While surfing the web the other day I ran across an interview with Ingrid Newkirk published on an Australian animal liberation site. The interview was originally from the Australian publication Vegan Voice and dates back to 2001.
Anyway, the interviewer asks Newkirk several questions related to accusations from Gary Francione and others that in reaching accommodations with Burger King that People for the Ethical Treatment of Animals had softened its abolitionist stance. Newkirk dismisses such suggestions and adds that the U.S. media do not seem to think PETA has abandoned its radical pose (emphasis added),
We have an abolitionist approach, but I always say that while our heads are in the clouds and we fight for total liberation, our feet are firmly planted on the ground. For example, I don’t think people should ride horses (which has been too radical for even an animal rights feminist publication to print in the U.S., believe it or not), but if I see someone beating a horse I’m going to try and stop them even if I can’t take their horse away from them.
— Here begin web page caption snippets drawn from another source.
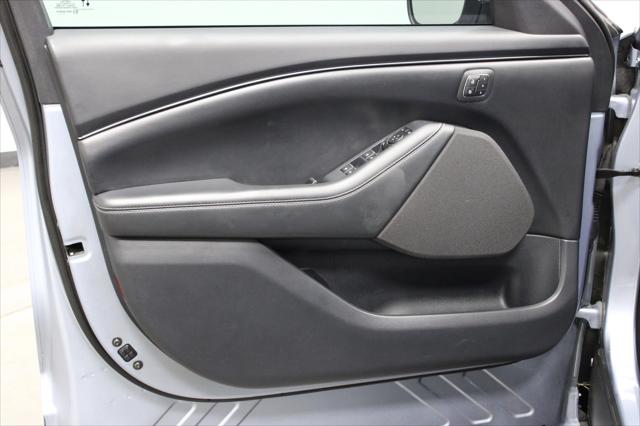2022 Ford Mustang Mach-E Select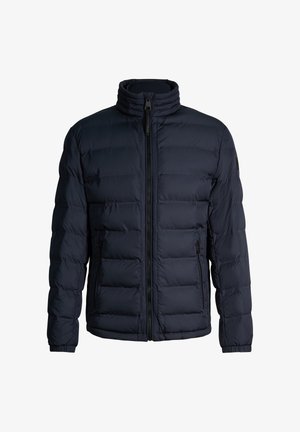 Granatowa pikowana kurtka z wysokim kołnierzem, przednim zamkiem błyskawicznym i zapinanymi na zamek bocznymi kieszeniami, zaprojektowana na zimną pogodę.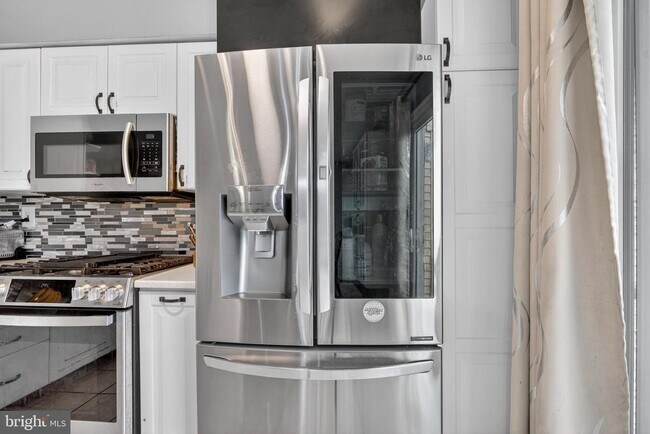 Building Photo - 3818 Early Glow Ln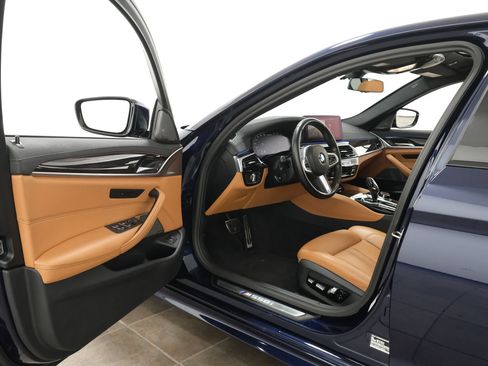 Used 2023 BMW M550i xDrive w/ Executive Package AWD/4WD image 24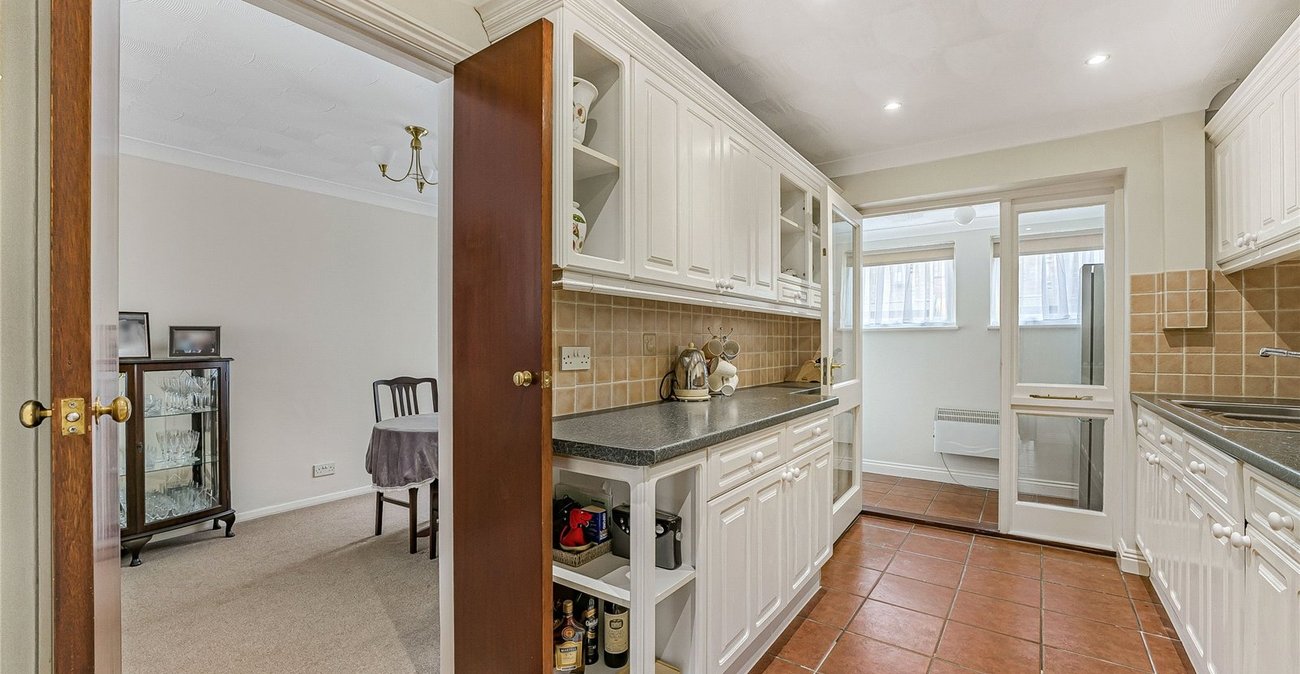 3 bedroom house for sale in Greenhithe | Robinson Jackson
I must say, the press doesn’t share this idea that we are namby pamby: They know that if there’s a rat or cockroach involved, PeTA is the group here that will stick up for that poor blighted animal publicly (we are currently defending sharks due to the hysteria over the recent attacks!) and we will always stick up for the A.L.F., so they call us and we do.
Ingrid Newkirk – taking on the critics. Vegan Voice, 2001.